- DIRECTIONS -
Retype, word for word, each line between the lines holding "Milan Pewter Distressed" and "TL | Donanım ...", inclusive, and leave the rest of the data alone.

(Web page caption snippets)
════

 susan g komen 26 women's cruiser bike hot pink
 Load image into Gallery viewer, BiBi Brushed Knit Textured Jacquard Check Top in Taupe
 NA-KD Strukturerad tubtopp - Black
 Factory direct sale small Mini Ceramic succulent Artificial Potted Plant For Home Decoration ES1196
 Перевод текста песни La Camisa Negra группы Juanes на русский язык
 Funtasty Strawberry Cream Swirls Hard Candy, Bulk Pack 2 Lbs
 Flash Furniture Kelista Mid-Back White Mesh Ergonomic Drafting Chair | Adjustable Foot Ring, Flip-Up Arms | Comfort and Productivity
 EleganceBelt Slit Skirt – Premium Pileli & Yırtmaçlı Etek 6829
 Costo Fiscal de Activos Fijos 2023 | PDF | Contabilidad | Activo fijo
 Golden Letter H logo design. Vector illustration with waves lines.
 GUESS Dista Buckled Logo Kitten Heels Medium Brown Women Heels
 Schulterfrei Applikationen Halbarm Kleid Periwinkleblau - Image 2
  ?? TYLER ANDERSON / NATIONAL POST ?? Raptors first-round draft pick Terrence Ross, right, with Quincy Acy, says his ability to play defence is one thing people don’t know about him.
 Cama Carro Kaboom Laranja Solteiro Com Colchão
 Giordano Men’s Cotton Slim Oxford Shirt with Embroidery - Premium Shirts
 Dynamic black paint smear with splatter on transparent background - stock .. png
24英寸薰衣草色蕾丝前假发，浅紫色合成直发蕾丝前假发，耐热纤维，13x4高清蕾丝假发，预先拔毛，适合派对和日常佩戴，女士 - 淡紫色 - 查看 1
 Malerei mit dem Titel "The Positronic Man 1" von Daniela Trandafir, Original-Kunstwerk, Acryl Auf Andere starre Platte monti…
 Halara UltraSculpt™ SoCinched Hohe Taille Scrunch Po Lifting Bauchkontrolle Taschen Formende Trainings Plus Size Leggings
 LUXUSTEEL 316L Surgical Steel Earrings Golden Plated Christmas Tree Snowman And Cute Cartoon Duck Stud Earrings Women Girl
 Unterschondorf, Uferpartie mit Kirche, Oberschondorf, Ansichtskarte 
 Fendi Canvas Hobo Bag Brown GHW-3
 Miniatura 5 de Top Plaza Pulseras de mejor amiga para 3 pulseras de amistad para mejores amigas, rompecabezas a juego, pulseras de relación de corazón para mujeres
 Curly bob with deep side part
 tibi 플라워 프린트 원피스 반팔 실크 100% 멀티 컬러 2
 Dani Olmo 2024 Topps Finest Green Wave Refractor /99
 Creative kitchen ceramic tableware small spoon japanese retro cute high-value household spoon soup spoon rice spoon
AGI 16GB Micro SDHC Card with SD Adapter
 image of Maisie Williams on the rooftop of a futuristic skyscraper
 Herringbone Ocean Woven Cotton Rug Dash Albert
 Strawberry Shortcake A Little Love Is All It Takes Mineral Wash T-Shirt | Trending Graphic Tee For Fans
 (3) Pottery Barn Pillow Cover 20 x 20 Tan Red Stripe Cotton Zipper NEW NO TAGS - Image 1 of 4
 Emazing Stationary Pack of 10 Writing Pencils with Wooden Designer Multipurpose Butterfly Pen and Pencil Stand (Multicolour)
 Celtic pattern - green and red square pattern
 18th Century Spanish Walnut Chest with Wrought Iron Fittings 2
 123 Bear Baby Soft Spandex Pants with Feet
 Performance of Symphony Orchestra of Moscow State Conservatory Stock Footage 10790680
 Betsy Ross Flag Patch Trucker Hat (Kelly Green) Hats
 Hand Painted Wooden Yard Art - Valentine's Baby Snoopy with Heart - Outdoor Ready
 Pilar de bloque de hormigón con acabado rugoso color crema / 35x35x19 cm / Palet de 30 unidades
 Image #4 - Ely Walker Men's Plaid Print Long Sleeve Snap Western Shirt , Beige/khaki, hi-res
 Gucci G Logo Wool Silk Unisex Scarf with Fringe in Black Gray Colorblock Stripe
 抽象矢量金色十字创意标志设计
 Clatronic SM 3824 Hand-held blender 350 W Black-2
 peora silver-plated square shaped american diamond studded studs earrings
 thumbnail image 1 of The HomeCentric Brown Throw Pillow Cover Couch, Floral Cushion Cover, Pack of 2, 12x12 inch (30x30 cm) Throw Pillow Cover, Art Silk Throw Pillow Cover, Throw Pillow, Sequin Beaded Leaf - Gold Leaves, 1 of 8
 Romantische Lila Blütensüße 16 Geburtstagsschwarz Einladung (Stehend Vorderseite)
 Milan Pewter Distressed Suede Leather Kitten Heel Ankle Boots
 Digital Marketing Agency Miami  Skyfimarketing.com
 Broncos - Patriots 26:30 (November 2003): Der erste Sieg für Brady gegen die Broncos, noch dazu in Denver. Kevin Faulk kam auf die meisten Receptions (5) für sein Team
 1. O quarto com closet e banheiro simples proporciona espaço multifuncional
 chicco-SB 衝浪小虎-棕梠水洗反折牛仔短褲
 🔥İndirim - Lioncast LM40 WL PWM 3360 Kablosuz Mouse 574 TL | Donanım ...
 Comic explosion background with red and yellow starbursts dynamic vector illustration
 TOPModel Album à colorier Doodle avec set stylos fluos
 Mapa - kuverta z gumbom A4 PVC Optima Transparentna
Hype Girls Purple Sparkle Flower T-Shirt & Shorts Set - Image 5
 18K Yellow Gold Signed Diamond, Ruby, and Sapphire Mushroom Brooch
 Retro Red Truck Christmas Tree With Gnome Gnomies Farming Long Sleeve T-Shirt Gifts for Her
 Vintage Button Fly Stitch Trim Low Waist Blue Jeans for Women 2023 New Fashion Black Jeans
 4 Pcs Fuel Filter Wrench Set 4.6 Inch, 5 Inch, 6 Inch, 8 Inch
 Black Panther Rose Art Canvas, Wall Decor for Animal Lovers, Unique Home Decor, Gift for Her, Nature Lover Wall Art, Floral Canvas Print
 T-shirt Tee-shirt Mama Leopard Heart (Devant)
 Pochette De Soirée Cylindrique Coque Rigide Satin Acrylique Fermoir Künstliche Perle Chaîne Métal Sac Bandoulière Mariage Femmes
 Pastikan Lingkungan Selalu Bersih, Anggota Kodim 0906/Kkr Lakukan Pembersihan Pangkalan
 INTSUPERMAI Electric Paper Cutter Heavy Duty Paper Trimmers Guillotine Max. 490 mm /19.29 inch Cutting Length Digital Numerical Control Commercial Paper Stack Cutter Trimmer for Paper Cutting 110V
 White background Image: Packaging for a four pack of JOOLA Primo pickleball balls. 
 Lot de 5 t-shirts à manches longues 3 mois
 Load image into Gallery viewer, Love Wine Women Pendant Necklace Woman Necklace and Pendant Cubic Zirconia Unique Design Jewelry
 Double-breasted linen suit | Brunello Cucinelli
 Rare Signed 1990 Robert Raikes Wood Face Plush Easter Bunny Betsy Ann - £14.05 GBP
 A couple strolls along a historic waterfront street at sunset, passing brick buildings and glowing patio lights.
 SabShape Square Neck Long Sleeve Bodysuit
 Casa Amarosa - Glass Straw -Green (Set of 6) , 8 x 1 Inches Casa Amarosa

════

- EXERCISE ANSWER -
 Milan Pewter Distressed Suede Leather Kitten Heel Ankle Boots
 Digital Marketing Agency Miami  Skyfimarketing.com
 Broncos - Patriots 26:30 (November 2003): Der erste Sieg für Brady gegen die Broncos, noch dazu in Denver. Kevin Faulk kam auf die meisten Receptions (5) für sein Team
 1. O quarto com closet e banheiro simples proporciona espaço multifuncional
 chicco-SB 衝浪小虎-棕梠水洗反折牛仔短褲
 🔥İndirim - Lioncast LM40 WL PWM 3360 Kablosuz Mouse 574 TL | Donanım ...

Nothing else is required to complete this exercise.